The Big 3 for Email Marketers: Gmail, China and Spam

The Big 3 for Email Marketers Gmail, China and SpamResponsys, the email marketing firm recently purchased by Oracle Corp., recently released a report called “The New School Marketer’s Guide to Email Deliverability,” and one of the more interesting tidbits highlighted by Internet Retailer is the fact that, when it comes to unwanted email marketing messages in both North America and Europe, 80% of those messages are produced by “hard-core” spammers.

The report says that, when it comes to spam, eight out of every 10 messages can be traced to a hard-core group of approximately 100 spam operations through aliases, addresses, locations of servers and redirects.

Spam wasn’t the only focus of the report, which also offered retailers tips about reaching consumers in China as well as the changes made to Gmail by parent company Google Inc. last year.

First Google. About a year ago they revamped the inbox organization of Gmail, their email platform, in order to automatically filter emails. Marketing emails, unless the consumer indicates they want to see a specific brand’s messages, now go to the default “promotions” tab.

This didn’t exactly sit well with many E retailers, including Groupon, Inc. who said that they suffered financial losses because more shoppers were leaving their emails unopened due to the change.

Interestingly however, the report also said that the change “gives marketers an audience with a propensity to buy”. The reason? Because consumers can go to the Promotions tab looking for the offers that they want. The Responsys report even suggested to marketers that they “pay extra attention to subject lines” because, since all marketing messages will be in one place, a better subject line will help them to stand out.

Now China.

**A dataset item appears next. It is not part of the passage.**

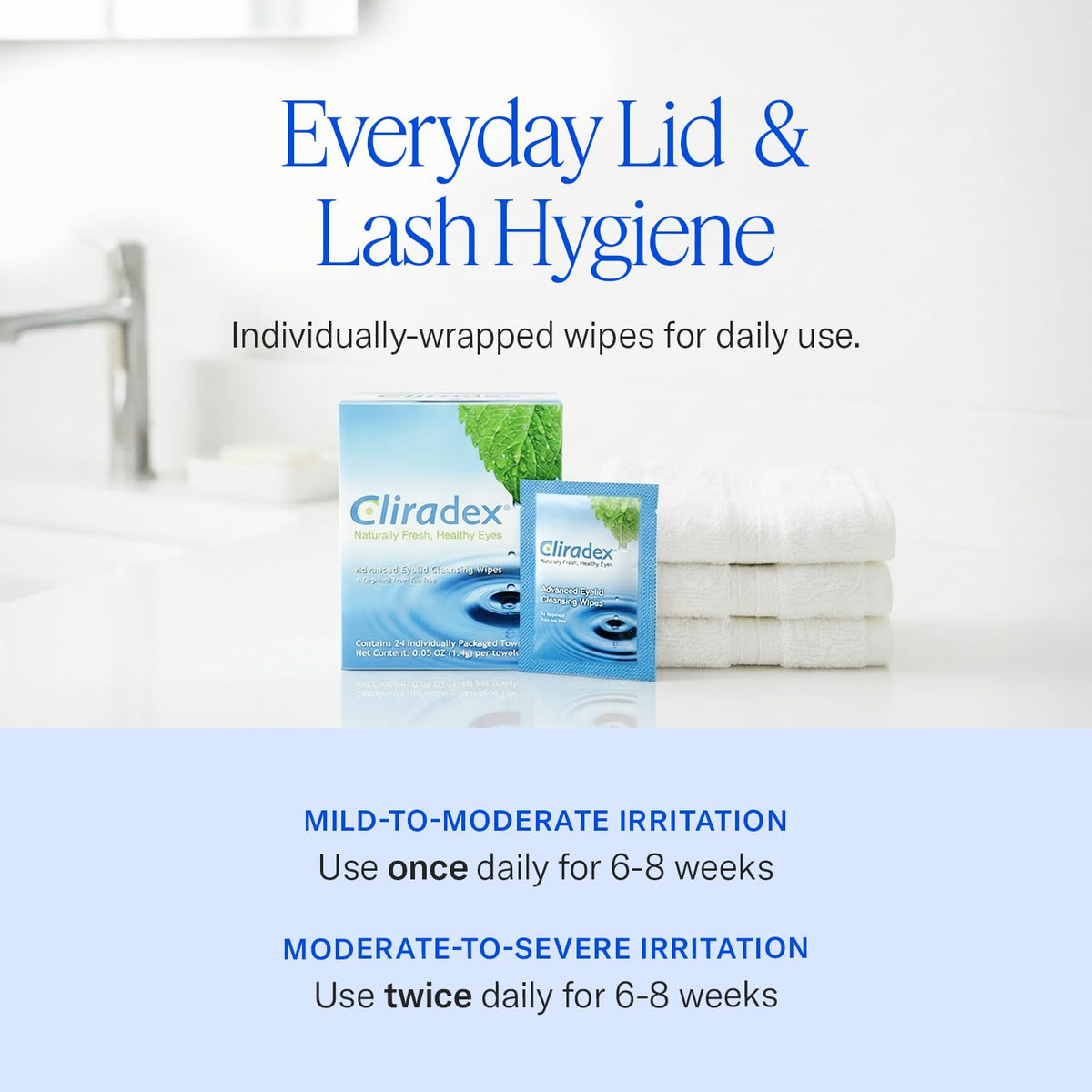 Cliradex Towelettes - Natural Face, Eyelash & Eyelid Cleanser - Wipes for Demodex, Blepharitis, Mgd and Red Irritated Eye Lid - FENGGESTORE20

The report noted that “emailing to consumers in China is becoming increasingly important for many marketers.” When you consider that China recently surpassed the U.S. in terms of e-commerce, that newfound importance is not surprising.

In 2013 online retail sales in China totaled almost $300 billion, or 13% more than e-retail sales in the United States. Even more interesting is the fact that the average consumer in China uses email less for online retailing than they do for work.

Just like with Google, the Responsys report also made a point about subject lines and messages. “Generic messages do tend to perform well” it said, adding that “be sure to send individually relevant information wherever possible.”

One last note of interest in the report was that marketers should be prepared for lower click through and open rates when marketing to China. Although it’s approximately 25% globally, an open rate of 12% to 15% in China is to be expected says the report, noting that these numbers don’t necessarily point to a failed campaign.